For those at all familiar with the populist movements of the late 1800′s and the calls for “free silver,” you may find this metaphor most interesting. Of course, I am referring most specifically to that famous “cross of gold” speech delivered by William Jennings Bryan at the 1896 Democratic National Convention in Chicago, in which the Nebraska congressman and future secretary of state declared:
“Having behind us the commercial interests and the laboring interests and all the toiling masses, we shall answer their demands for a gold standard by saying to them, you shall not press down upon the brow of labor this crown of thorns. You shall not crucify mankind upon a cross of gold.” – William J. Bryan
Now, it is somewhat ironic that the populist position during the Gilded age when Bryan rose to prominence was one of easy money, while the arguably populist “Ron Paul Revolution,” erects as one of its major platforms, the return to a gold standard. Bryan was a progressive, while Paul is a libertarian. Byran was a defender of labor through credit, while Paul is a defender of labor through capital. If Ron Paul were on the floor of congress during William J Bryan’s time, I suspect the later would accuse the former of being an agent of the industrialist monopoly men. And he may have been correct, but why?

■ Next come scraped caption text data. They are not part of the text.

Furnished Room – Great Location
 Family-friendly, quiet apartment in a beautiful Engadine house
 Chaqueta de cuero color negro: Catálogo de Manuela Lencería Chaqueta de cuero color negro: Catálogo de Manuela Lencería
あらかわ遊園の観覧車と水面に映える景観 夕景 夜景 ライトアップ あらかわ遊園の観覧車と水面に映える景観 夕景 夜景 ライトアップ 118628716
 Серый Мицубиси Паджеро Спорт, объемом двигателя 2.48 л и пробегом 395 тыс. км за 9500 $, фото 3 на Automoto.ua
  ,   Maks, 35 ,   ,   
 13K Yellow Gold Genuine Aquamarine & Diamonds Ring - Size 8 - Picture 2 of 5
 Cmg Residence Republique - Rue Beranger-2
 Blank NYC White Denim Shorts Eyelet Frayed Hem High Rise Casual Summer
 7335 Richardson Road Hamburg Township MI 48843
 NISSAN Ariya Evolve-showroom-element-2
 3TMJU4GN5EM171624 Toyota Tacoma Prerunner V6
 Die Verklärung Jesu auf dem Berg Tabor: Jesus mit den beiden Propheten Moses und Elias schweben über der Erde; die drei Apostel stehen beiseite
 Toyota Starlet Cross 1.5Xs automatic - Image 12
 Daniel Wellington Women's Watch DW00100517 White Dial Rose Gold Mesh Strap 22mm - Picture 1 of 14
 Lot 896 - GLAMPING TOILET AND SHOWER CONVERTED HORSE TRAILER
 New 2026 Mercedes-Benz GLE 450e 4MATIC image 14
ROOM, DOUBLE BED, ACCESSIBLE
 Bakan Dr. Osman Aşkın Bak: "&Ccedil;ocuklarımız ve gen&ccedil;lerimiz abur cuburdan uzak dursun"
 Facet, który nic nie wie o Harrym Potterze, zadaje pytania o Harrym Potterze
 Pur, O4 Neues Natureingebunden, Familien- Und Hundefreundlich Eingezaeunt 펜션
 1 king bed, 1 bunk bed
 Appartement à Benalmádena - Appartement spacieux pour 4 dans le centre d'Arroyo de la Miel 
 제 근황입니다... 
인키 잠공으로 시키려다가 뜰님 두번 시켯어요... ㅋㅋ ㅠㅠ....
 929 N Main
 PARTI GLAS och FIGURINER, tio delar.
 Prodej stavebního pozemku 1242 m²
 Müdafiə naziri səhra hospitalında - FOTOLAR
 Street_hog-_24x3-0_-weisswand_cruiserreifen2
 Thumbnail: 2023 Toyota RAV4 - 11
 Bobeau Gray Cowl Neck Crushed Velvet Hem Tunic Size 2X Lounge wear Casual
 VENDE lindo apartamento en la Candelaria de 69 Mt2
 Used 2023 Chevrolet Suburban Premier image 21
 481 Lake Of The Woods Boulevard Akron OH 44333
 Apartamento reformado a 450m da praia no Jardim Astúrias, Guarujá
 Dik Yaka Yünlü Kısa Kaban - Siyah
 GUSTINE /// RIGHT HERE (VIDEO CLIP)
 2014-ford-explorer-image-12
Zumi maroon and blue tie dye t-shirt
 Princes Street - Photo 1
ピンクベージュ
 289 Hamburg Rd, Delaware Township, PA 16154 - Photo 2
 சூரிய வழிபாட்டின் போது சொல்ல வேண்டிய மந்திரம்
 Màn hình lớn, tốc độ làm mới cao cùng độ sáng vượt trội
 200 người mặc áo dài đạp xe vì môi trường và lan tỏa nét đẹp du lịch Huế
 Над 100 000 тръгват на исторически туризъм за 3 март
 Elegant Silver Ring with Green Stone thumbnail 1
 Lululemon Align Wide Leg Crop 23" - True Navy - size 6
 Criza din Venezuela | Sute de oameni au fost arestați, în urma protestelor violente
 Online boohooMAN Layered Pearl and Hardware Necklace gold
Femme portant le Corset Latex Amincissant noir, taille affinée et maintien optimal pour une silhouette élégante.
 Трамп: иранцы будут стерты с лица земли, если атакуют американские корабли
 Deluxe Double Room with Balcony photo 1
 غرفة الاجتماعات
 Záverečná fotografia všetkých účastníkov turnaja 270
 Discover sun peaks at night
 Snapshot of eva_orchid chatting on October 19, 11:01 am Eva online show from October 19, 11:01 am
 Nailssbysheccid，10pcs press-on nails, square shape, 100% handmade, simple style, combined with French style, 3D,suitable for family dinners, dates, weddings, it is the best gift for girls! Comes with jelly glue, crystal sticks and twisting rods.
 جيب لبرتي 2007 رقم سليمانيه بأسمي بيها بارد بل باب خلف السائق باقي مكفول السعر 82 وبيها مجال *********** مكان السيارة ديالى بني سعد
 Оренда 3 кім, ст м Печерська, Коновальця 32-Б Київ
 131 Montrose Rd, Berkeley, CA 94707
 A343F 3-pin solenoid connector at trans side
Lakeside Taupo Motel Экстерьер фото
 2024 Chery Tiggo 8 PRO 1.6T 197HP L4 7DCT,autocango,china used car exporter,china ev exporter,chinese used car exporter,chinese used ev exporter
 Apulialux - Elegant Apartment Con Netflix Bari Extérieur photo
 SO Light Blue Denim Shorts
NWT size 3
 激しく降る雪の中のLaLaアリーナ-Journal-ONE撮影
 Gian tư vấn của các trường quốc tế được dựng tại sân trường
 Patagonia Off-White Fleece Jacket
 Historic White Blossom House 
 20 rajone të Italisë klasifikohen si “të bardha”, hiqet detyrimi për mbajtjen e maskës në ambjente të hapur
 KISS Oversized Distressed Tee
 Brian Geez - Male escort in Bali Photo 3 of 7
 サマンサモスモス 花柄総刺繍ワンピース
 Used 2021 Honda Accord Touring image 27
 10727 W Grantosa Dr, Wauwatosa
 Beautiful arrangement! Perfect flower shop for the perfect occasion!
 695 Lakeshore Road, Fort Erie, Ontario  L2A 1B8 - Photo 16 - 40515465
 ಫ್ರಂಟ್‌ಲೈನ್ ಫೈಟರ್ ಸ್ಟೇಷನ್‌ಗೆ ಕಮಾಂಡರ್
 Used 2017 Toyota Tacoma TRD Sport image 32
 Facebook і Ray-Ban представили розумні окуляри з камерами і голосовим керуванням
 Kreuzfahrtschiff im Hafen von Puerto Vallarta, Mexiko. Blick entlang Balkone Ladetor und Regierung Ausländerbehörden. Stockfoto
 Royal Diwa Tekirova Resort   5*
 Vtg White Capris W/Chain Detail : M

I certainly won’t claim any expertise on the political and social history of post-civil war American. My only encounter with it has been peripheral, having studied it inadvertently through the works of people like Milton Friedman and Howard Zinn in “Monetary History of the United States” and “People’s History of the United States” (ironically, two books whose almost identical titles are the only thing that the two works, as well as their authors, have in common), as well as through the biographies of people like William Jennings Bryan and JP Morgan. That said, it cannot be argued that the industrial revolution was, just what that often abused word implies, anything short of a revolution. It was a fundamental change in the organization of American life, and it took place in an extraordinarily short period of time – in less than a single man’s lifetime (literally, as John D. Rockefeller lived from 1839-1937).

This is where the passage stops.